• [WORK ORDER]
Copy out the whole listing exactly as written, leaving the pictures behind.

• [DATASET EXCERPT]
****************
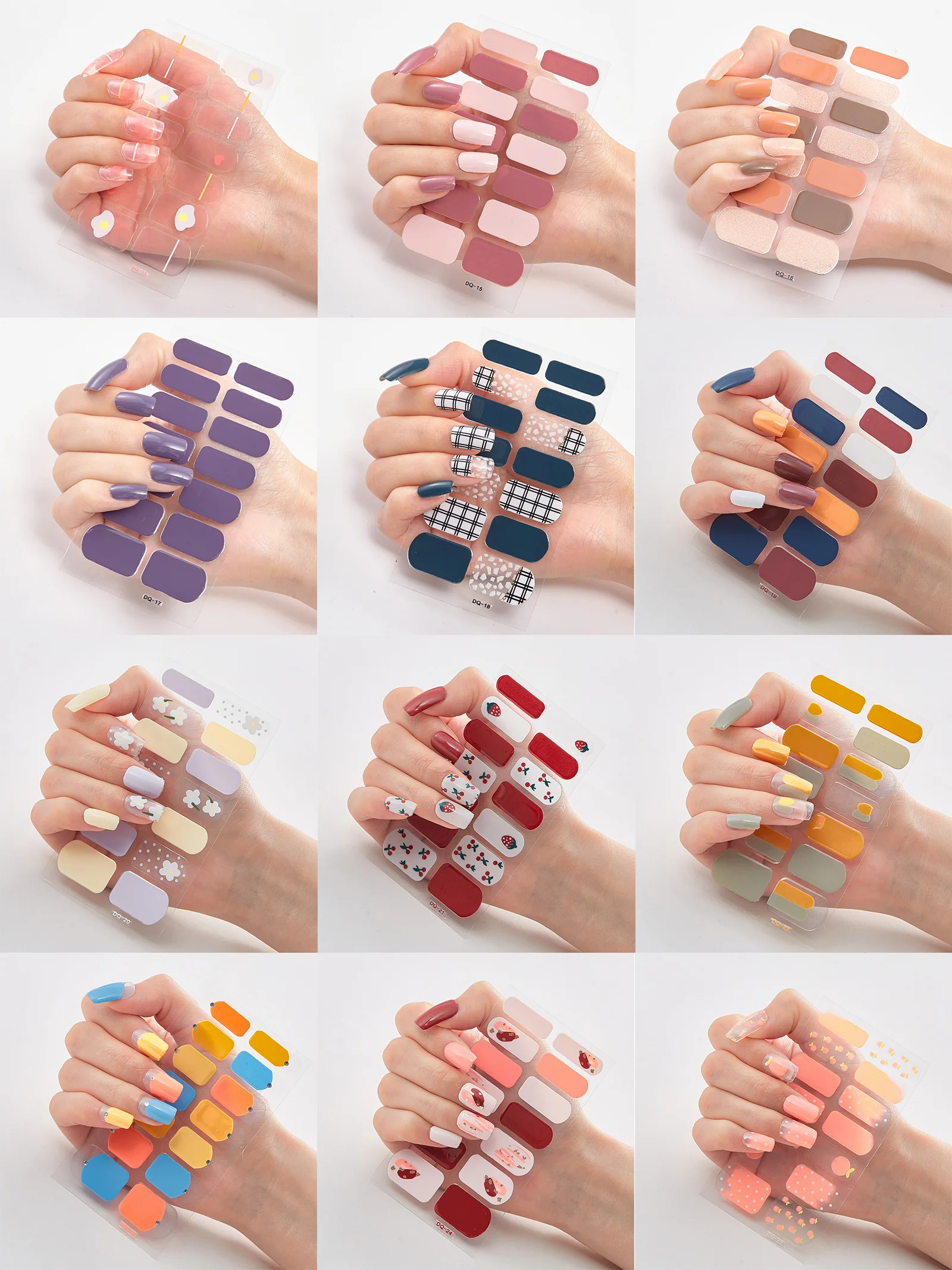 Designers Line Marble Jump Color Thick Gel Nail Sticker 3d Nail Sticker Flower Design Gel Sticker Nails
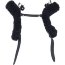 Черные базовые наручники из кожи с опушкой  Цена 1 403 руб. - Черные базовые наручники из кожи с опушкой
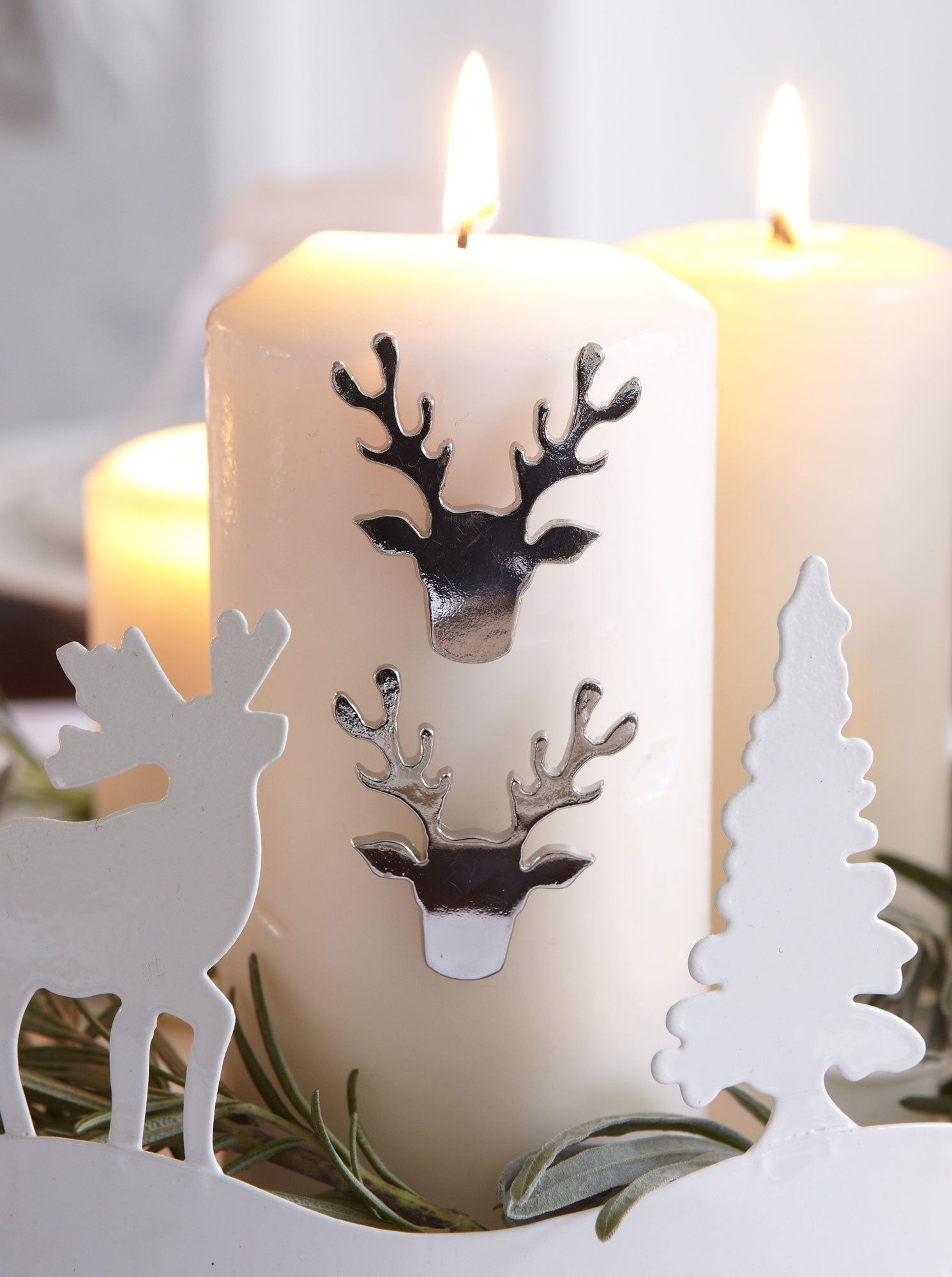 Candle Studs - Silver Reindeer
****************
• [FINAL ANSWER]
 Designers Line Marble Jump Color Thick Gel Nail Sticker 3d Nail Sticker Flower Design Gel Sticker Nails
 Черные базовые наручники из кожи с опушкой  Цена 1 403 руб. - Черные базовые наручники из кожи с опушкой
 Candle Studs - Silver Reindeer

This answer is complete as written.